I read a ton of blogs every day and it’s time well spent earning the Sanity Watchers Points that I so desperately need to deal with the rest of the world!

Go Back To Basics

Read Linda Bacon’s Book – Health at Every Size, The Surprising Truth About Your Weight

Read Marilyn Wann’s Book – Fat!So?

Movement for us by Us

Heavyweight Yoga by Abby Lentz

Curvy Yoga by Anna Guest-Jelley

The Fat Chick Works Out by Jeanette DePatie

Get Involved with Activism

Not only can we create change, but we are already doing it.  The more time you spend on the blogosphere, the more likely you are to have chances to get involved with campaigns, petitions, fundraising etc.
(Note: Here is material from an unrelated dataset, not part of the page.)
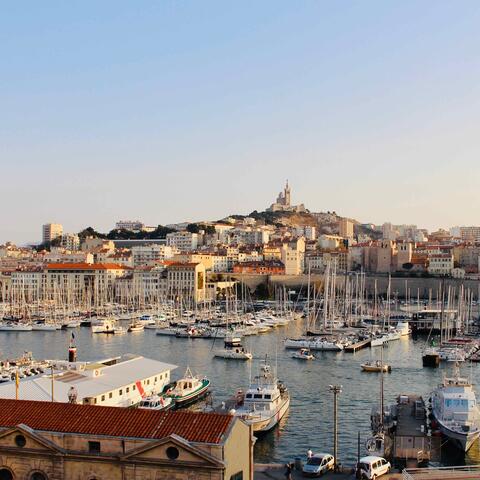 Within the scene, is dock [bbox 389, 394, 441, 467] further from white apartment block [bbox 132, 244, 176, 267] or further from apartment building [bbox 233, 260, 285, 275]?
white apartment block [bbox 132, 244, 176, 267]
I believe that we can make change and I think that it’s more possible when more of us are involved.  If you’re looking for a way to get involved may I suggest signing the petition to ask the National Eating Disorders Association to end its ties with an organization funded by pharmaceutical companies that seeks to get obesity treated as a disease.  We’ve surpassed our original goal of 500, let’s see if we can get 1,000.  Some people posted their reasons for signing, some of my favorite are:

Just like body & scale obsession is unhealthy regardless of size, healthy behaviors are important at any size.  Focusing on my weight, rather than my actual health & my abilities, puts the priority on the wrong end.  This can lead to some very unhealthy behaviors, which I would think an organization like NEDA would already be aware of.  Don’t encourage the stigmatization of fat people by the very messages you fight against for the skinny people.

I am an eating disorder survivor, and I survived because I finally found a way to focus on my health and not my weight.  The perpetuation of the idea that weight is an indicator of health only feeds eating disorders.  Please stop the myth.
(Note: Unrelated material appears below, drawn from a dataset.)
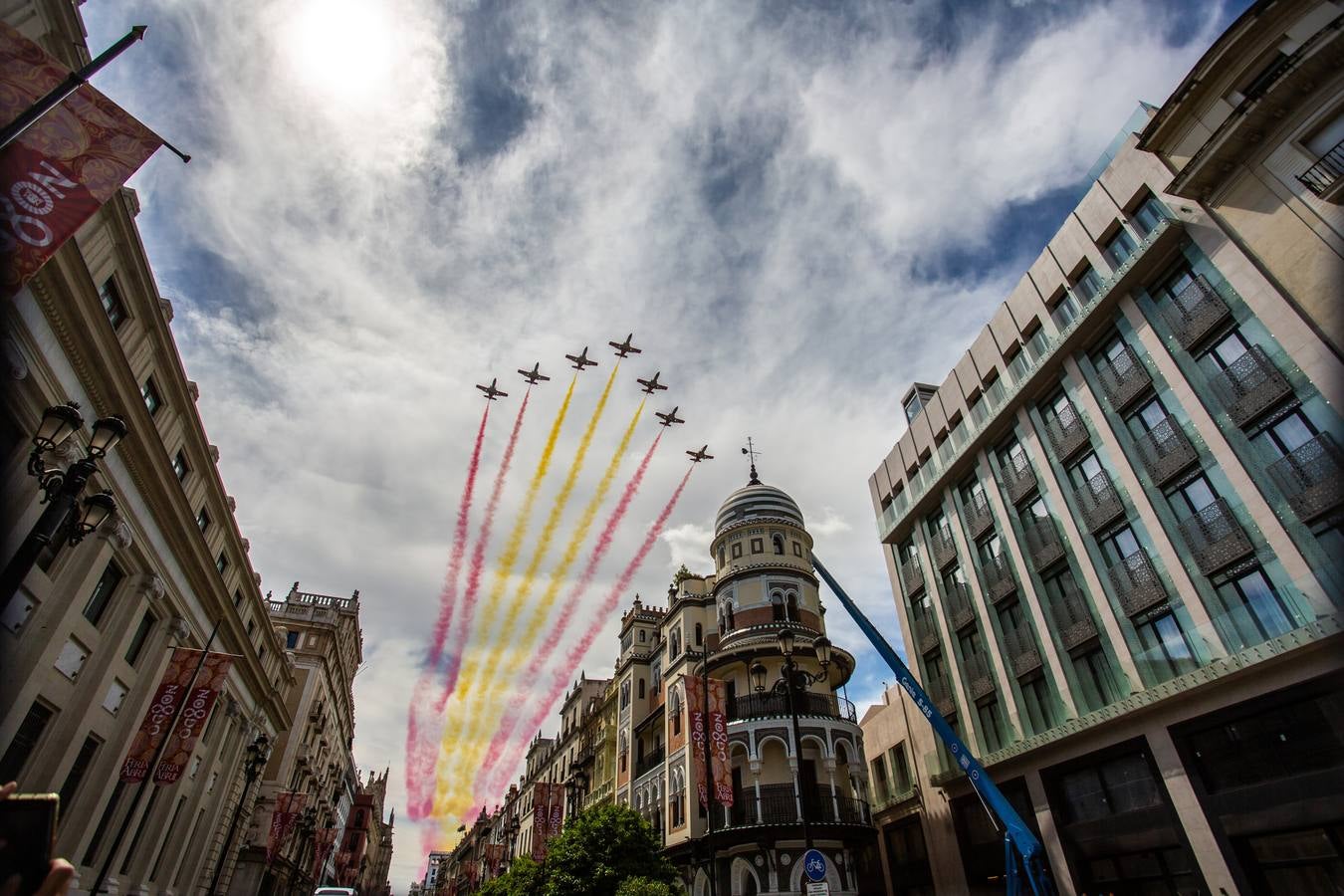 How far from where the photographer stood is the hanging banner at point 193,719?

I am a fat person. I am also a person who is recovering from eating disorders. My journey to recovery was delayed for many years, my disordered and destructive behaviors were even encouraged encouraged, because I did not meet weight and BMI based diagnostic criteria for Anorexia, which later developed into Bulimia before I was able to obtain treatment.

Gang Up

So far, on my world tour stops, I’ve been doing a Fatty Meet-up and it has been amazing to be around people who are like minded and having amazing conversations about Health at Every Size and everything else.  If you can’t find them in person, find them online but find a group of people who support you with your goals.

I think there’s a reason that “happy and healthy” are so often uttered in the same breath but we don’t hear “miserable and healthy” very often at all.  If we want happiness then let’s go after it!